A cada ano a cena se repete durante a colheita do milho em Mato Grosso: toneladas de grãos a céu aberto formando “montanhas” próximas às tradings. Com as safras de soja e milho estimadas em 59,3 milhões de toneladas neste ano, segundo levantamento do Instituto Mato-grossense de Economia Agropecuária (Imea), produção se choca com uma capacidade de armazenagem de 33,4 milhões de toneladas.

Considerando os requisitos da FAO (Food and Agriculture Organization), órgão das Nações Unidas que determina uma capacidade de armazenagem superior a 20% da produção, o déficit de Mato Grosso atualmente é de pouco mais de 37 milhões de toneladas.

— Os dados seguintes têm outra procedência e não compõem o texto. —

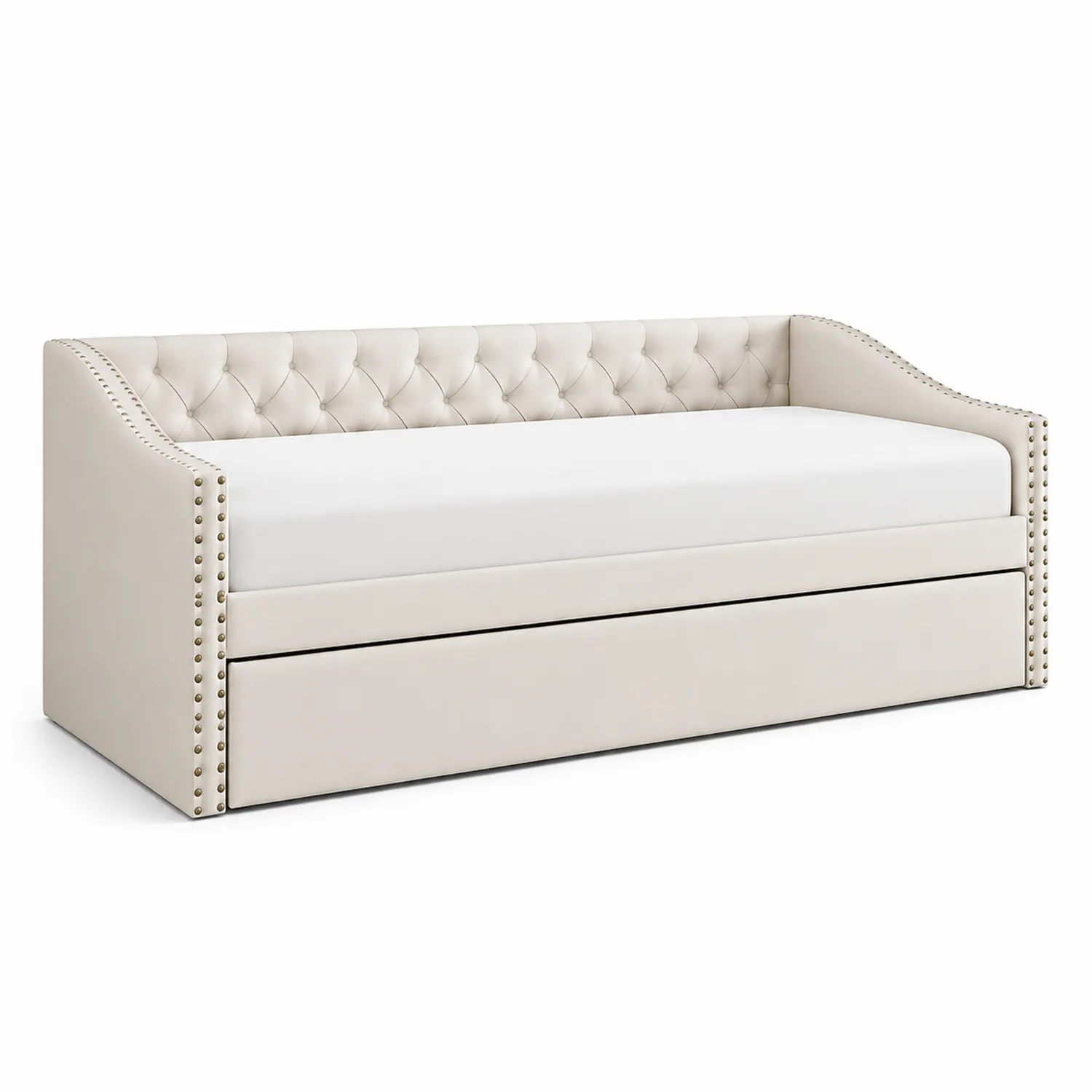 Daybed in Similpelle Beige con Cassetto-Veltidorin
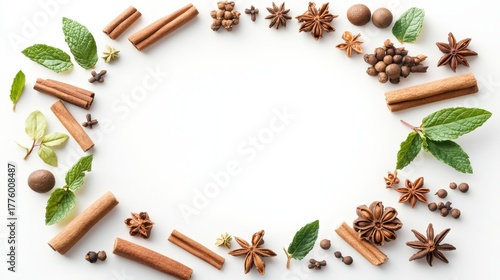 95.A vibrant, detailed shot of various spices and herbs, such as cardamom, cloves, cinnamon sticks, and fresh mint, arranged in a perfect circle around a central white space, ideal for showcasing the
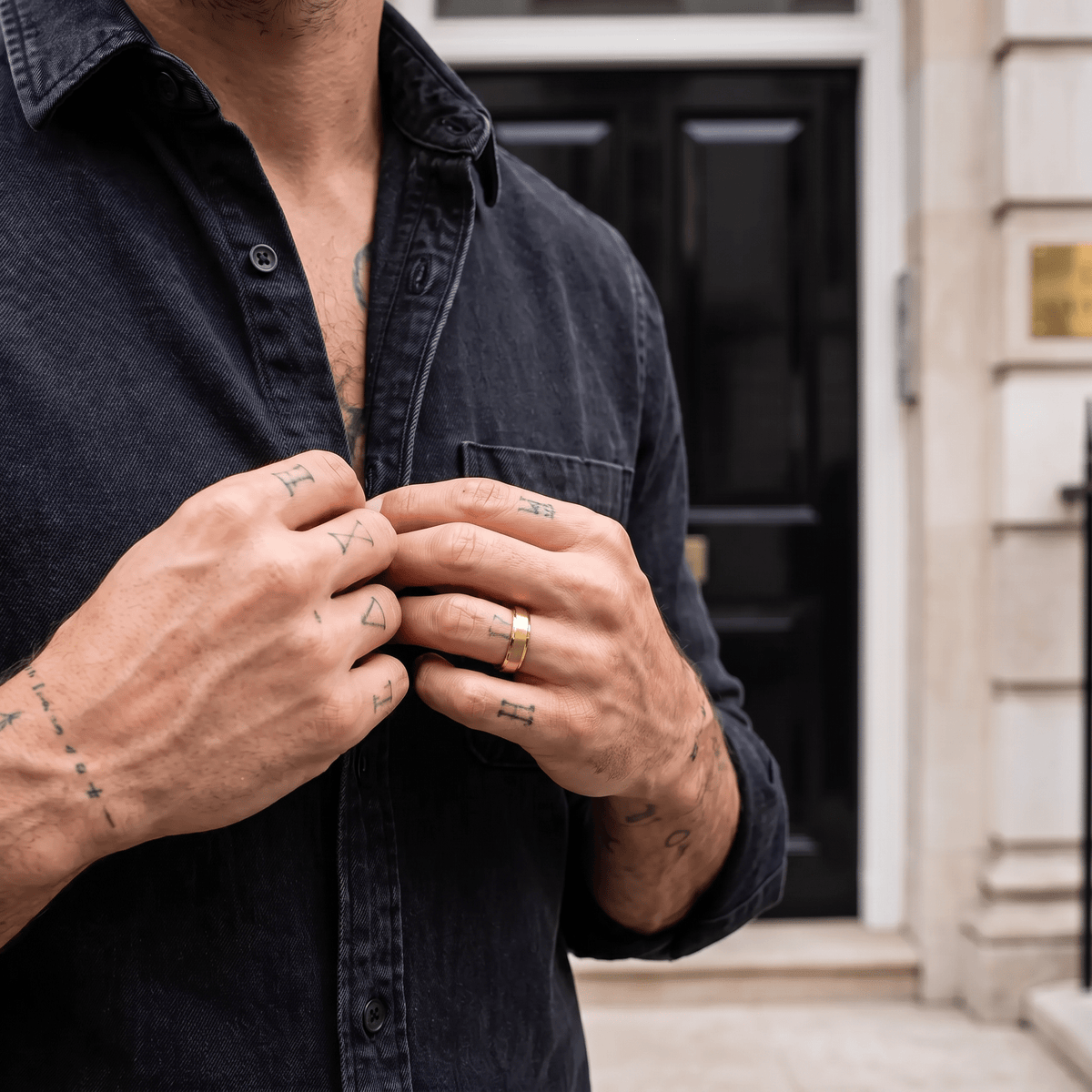 Personalised Men's 5mm Bevelled Titanium Wedding Ring - Forge & FoundryringForge & Foundry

Exatamente para começar a mudar a realidade vivida pelo agricultor mato-grossense é que a Associação dos Produtores de Soja e Milho de Mato Grosso (Aprosoja) lançou neste mês de julho o projeto Armazena-MT. “O principal objetivo é desburocratizar o acesso ao crédito e auxiliar em possíveis dificuldades técnicas que nossos associados venham a ter”, explica o gerente de Política Agrícola da associação, Frederico Azevedo.

Também estão previstos como objetivos do projeto o fomento às linhas de créditos para construção de armazéns que sejam mais atrativas, a difusão de soluções alternativas de armazenagem e a implementação gradativa da cultura de condomínios, que são voltados principalmente aos pequenos produtores sem viabilidade econômica para construírem seus próprios armazéns.

Também faz parte do projeto identificar as principais vantagens de um armazém próprio. “Temos a minimização das perdas quantitativas e qualitativas dos grãos, menores gastos com transporte, maior agilidade na colheita e possibilidade de escalonamento de comercialização. Tudo isso, no fim, representa uma melhora significativa na competitividade do agricultor mato-grossense”, afirma Azevedo.

Produtor e vice-presidente Norte da Aprosoja, Emerson Zancanaro tem armazém em sua propriedade, no município de Nova Mutum (269 quilômetros de Cuiabá), desde 2002. Para ele armazenagem própria significa segurança. “A armazenagem deve ser o principal investimento hoje em uma propriedade rural. Conseguimos ter uma melhor gestão da comercialização da produção, pois posso decidir o melhor momento de venda. Além disso, a armazenagem descomplica a questão da logística na hora da entrega e me faz ter um custo operacional bem menor. O custo da secagem na fazenda também é mais baixo. Além disso, com os constantes problemas de divergência na classificação de grãos, quem tem armazém consegue padronizar o produto evitando descontos pelas compradoras, transformando o que seria desconto em rentabilidade”, define.